What to do
Restate every line of the material below word for word, skipping the images.

--------------------

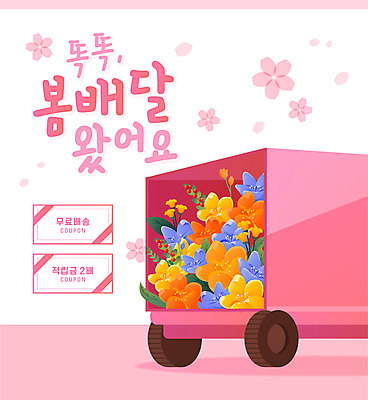꽃 분홍색 일러스트 이벤트 타이포그라피 사람없음 세일 봄 트럭 배송 쿠폰 프로모션 국내일러스트 AI파일 식물 문자 계절 컬러 자동차 파일형식 벡터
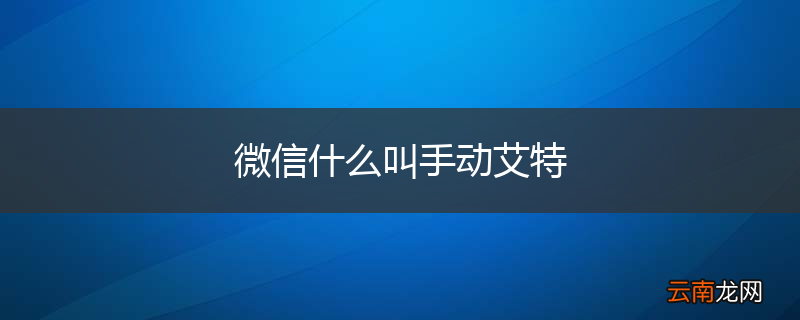 微信什么叫手动艾特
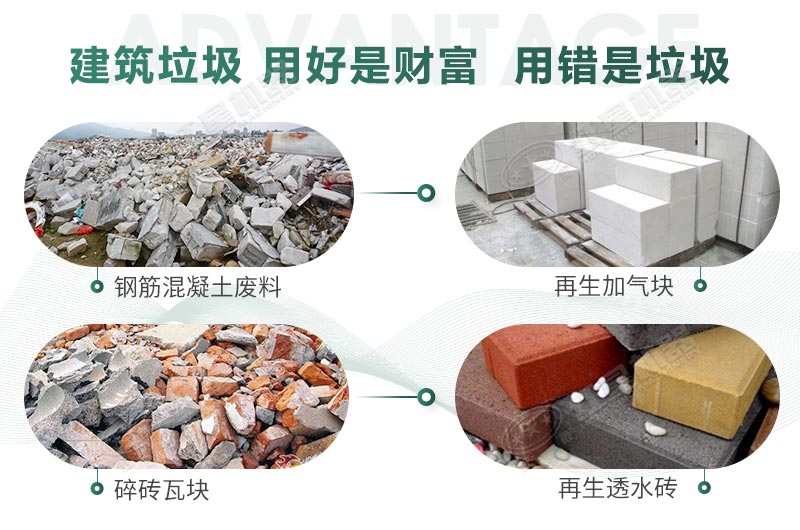 建筑垃圾制砂是真是假？制出的沙子怎么樣？
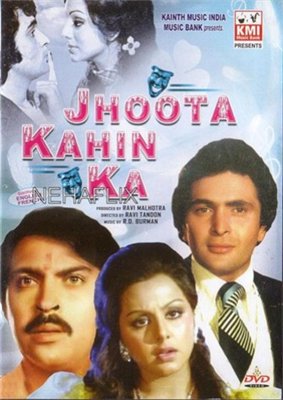 Такой лжец / Jhoota Kahin Ka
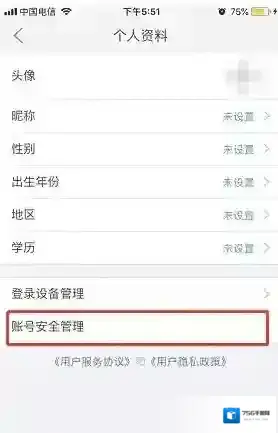 新华字典输入验证码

--------------------

Exercise response
꽃 분홍색 일러스트 이벤트 타이포그라피 사람없음 세일 봄 트럭 배송 쿠폰 프로모션 국내일러스트 AI파일 식물 문자 계절 컬러 자동차 파일형식 벡터
 微信什么叫手动艾特
 建筑垃圾制砂是真是假？制出的沙子怎么樣？
 Такой лжец / Jhoota Kahin Ka
 新华字典输入验证码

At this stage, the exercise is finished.